§ Problem requirements:
Look through the records that follow and state how many lines hold the word "Adidas", without adding anything.

[Saved entries]
• • • • •
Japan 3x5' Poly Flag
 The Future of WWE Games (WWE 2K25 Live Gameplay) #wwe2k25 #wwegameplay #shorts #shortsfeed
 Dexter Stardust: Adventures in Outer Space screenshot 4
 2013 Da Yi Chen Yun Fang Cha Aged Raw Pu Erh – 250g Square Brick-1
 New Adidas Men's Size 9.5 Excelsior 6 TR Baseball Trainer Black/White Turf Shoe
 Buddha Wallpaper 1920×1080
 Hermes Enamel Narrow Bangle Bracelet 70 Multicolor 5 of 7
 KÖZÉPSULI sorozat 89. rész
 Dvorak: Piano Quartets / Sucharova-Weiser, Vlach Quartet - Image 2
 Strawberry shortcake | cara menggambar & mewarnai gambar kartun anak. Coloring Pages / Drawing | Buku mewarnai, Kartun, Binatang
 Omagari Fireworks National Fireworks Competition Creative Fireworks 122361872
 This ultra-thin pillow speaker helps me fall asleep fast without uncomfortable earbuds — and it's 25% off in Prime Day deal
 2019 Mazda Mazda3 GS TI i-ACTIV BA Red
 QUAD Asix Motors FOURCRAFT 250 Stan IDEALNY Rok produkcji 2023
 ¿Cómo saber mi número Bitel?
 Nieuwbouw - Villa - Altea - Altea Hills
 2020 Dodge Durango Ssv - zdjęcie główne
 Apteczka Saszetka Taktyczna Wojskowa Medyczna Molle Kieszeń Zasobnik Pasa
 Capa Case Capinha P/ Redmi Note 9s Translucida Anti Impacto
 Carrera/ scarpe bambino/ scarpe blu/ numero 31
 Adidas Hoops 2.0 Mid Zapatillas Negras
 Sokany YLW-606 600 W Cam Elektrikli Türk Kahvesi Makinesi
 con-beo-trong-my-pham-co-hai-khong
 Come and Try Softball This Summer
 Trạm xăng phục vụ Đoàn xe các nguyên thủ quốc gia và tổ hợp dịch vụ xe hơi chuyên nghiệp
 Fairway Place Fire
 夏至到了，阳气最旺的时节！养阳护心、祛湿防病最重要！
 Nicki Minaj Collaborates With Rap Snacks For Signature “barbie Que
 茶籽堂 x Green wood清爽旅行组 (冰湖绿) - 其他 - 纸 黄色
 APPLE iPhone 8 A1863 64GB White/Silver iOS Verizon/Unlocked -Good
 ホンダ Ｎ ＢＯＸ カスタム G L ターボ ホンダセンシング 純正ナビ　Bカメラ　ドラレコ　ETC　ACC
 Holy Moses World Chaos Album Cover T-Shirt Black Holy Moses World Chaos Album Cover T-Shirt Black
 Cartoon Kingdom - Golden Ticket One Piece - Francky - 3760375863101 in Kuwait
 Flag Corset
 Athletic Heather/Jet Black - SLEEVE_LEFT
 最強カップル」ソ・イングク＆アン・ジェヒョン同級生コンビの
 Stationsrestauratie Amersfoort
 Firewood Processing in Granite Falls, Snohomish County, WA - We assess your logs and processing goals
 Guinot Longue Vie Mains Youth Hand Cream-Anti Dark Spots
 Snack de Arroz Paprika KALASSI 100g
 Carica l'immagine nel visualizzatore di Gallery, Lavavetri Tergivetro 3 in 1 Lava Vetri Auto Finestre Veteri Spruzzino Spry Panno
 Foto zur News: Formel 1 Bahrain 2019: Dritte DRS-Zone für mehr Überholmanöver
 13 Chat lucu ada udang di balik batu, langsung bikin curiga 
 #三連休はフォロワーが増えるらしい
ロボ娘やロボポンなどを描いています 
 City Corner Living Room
• • • • •
§ Written reply:
2